Am I alone in wanting the car to be noisier in terms of engine sound and exhaust (but not rubber)? What's with all this turning the soundaktor off? Isn't this part of the fun of it?!

Sent from AutoGuide.com Free App


----------



## R_TTS (Mar 16, 2016)

sherry13 said:


> Am I alone in wanting the car to be noisier in terms of engine sound and exhaust (but not rubber)? What's with all this turning the soundaktor off? Isn't this part of the fun of it?!


I'd definitely like the engine and exhaust sound to be noisier, but not artificially generated. A good engine/exhaust sound really adds to the excitement of driving for me. I could do without the DSG fart though, which sounds awful IMO.

Opinion based of test drives and online audio so far, so hoping I'll like the noise more once I finally take delivery.


----------



## EvilTed (Feb 5, 2016)

R_TTS said:


> sherry13 said:
> 
> 
> > Am I alone in wanting the car to be noisier in terms of engine sound and exhaust (but not rubber)? What's with all this turning the soundaktor off? Isn't this part of the fun of it?!
> ...


I like the fart. It's one of the things that made me grin on the test-drive. Artificial or not.

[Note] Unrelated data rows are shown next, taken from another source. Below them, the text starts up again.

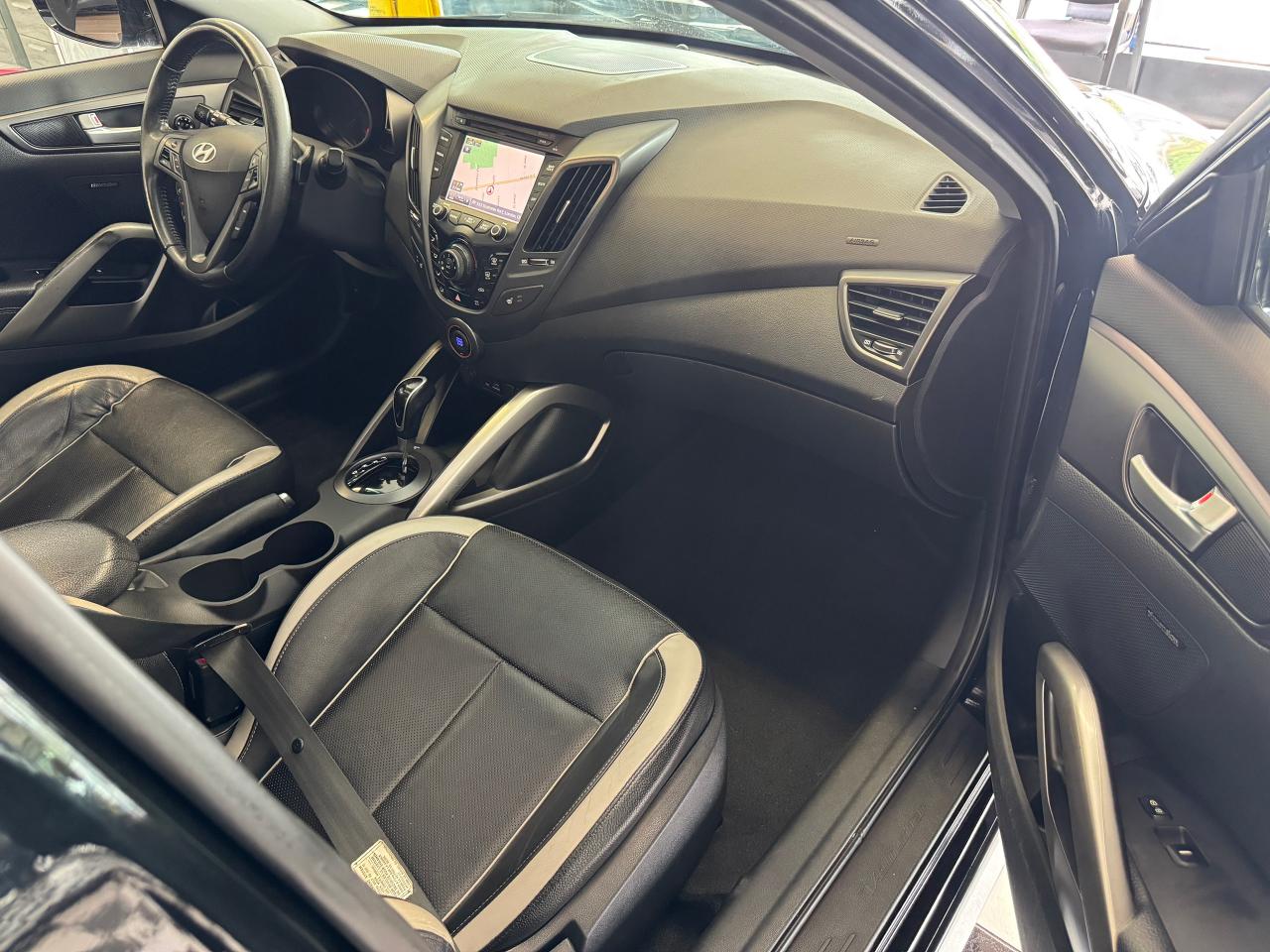 2013 Hyundai Veloster Turbo+Leather+Roof+Camera+Fog Lights+A/C Photo23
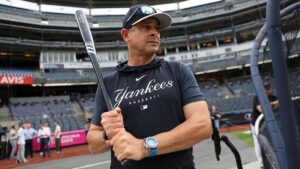 MLB rumors: Aaron Boone extension with Yankees coming soon, Padres need 'another bat' after free agency exodus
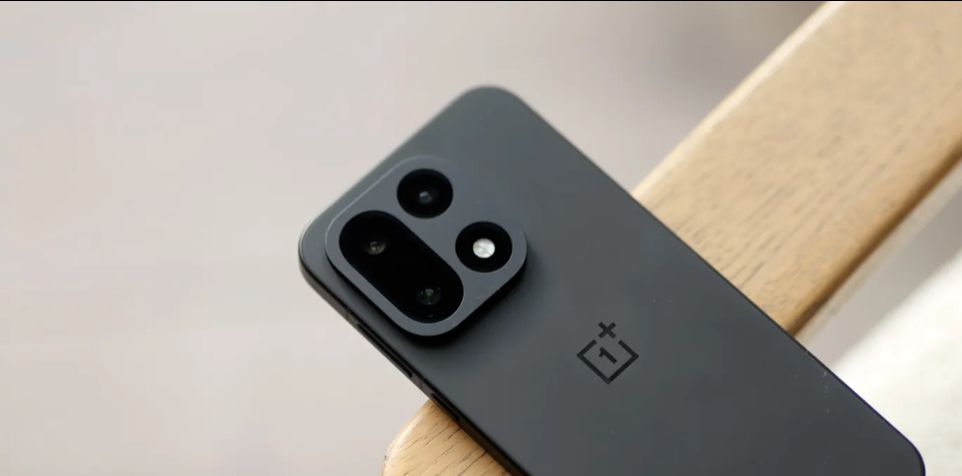 تكنولوجيا: انسحاب OnePlus من السوق الأمريكي قد يؤلم… لكنه لن يغيّر الكثير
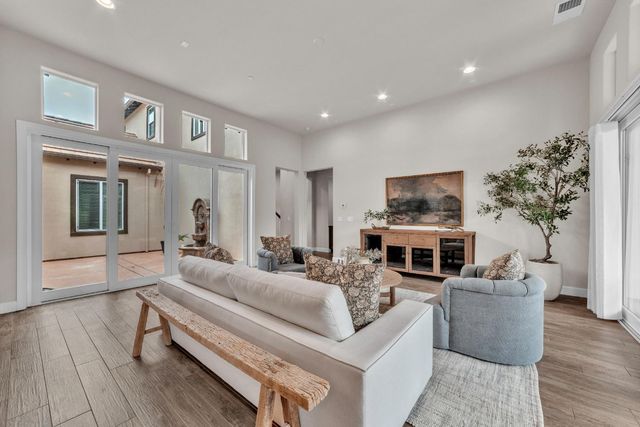 612 Idlewood Pl, El Dorado Hills, CA 95762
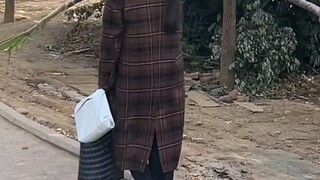 舍友甘蔗带皮吃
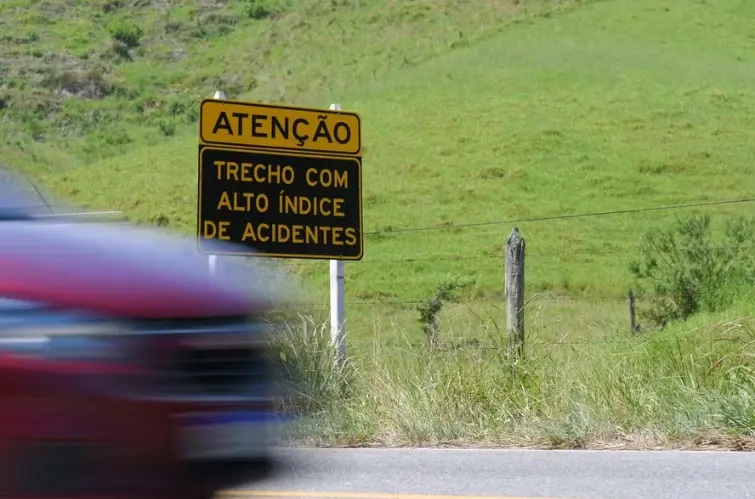 Mais de 60% das rodovias do Brasil estão inseguras para dirigir, aponta estudo da CNT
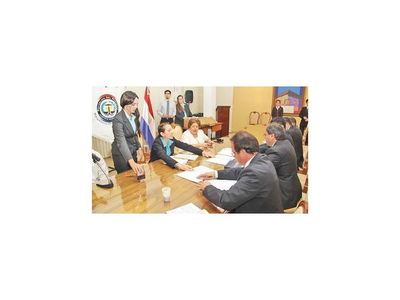 TSJE asiste a abogados para elegir miembros del CM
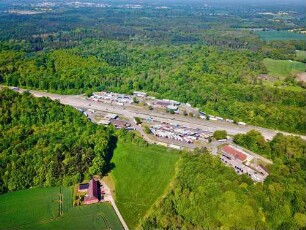 Bundesautobahn 1: Luftbild des Rastplatzes Buddikate in Blickrichtung Westen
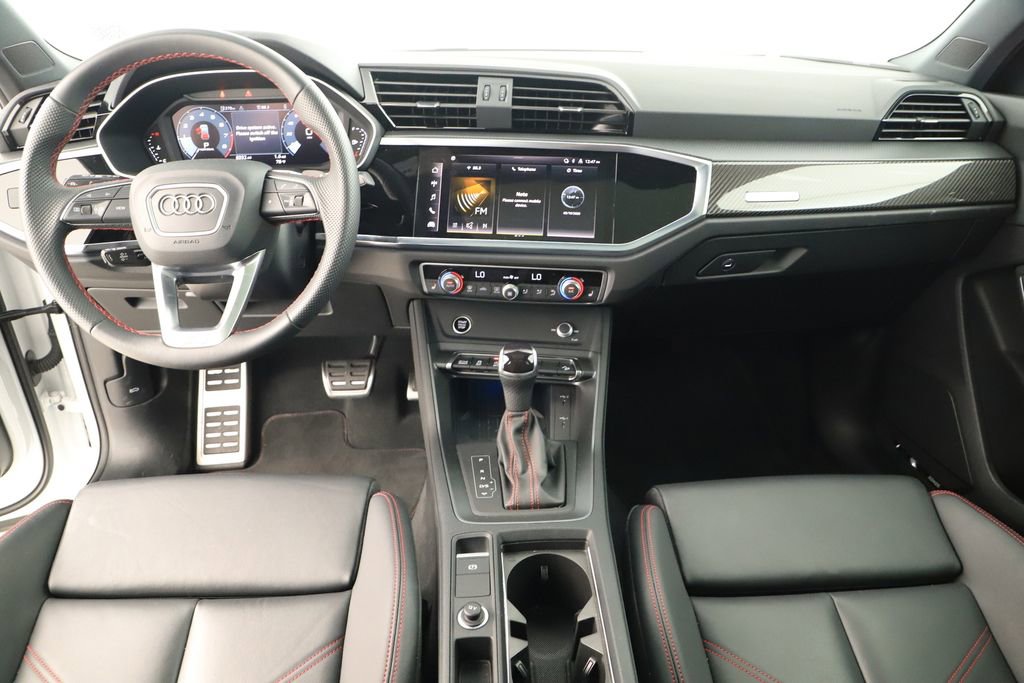 Certified 2025 Audi Q3 2.0T Premium Plus w/ Premium Plus Package AWD/4WD image 19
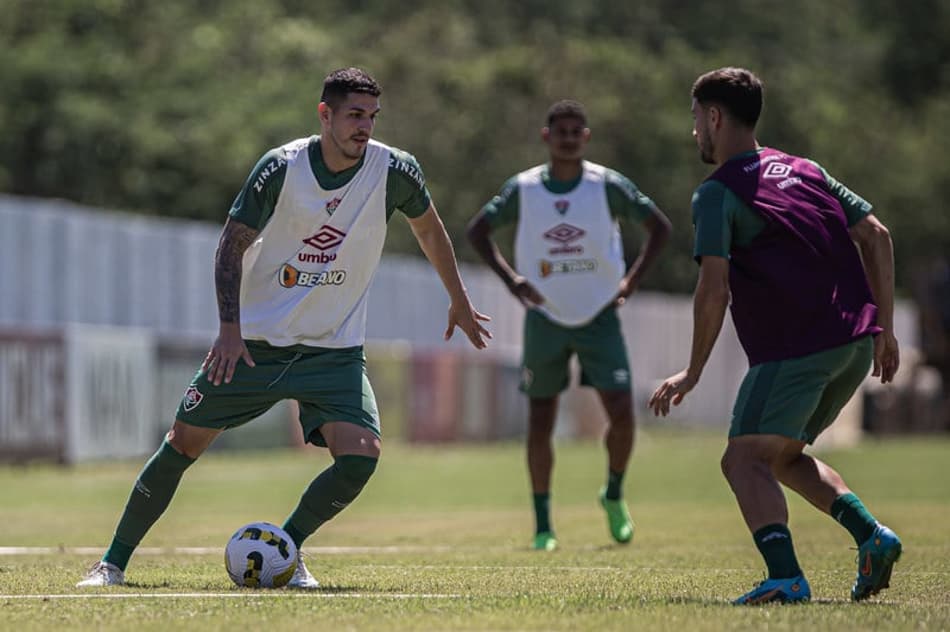 Fluminense busca corrigir erros defensivos e reencontrar o equilíbrio para voltar a vencer no Brasileiro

Horses for courses as always but hopefully you'll enjoy it more when you have your own. I believe you can reduce the trumping on gear shift by not selecting dynamic for one of the settings and making that your individual setup. I'm not sure if that means you also dial down throttle response or anything else though so you may get less fart but also less fun?


----------



## can_quattro (Jun 11, 2009)

Just to clarify, the DSG fart is not produced by the soundaktor, that is quite real.
Soundaktor only affects what you hear inside the car.


----------



## The Yeoman (Mar 31, 2016)

EvilTed said:


> R_TTS said:
> 
> 
> > sherry13 said:
> ...


The farting is definitely more pronounced when you have the transmission in sport over regular drive mode


----------



## MarcF-TT (Jun 14, 2011)

EvilTed said:


> I like the fart. It's one of the things that made me grin on the test-drive.


True story, I wasn't going to get another TT however had a spare day in Dubai and ended up booking a driving experience. They had regular MK3 TT's and it made the DSG change sound while on track which made me grin a lot. I was surprised when they said the cars weren't modified in any way!

Happy with it on my TTS!


----------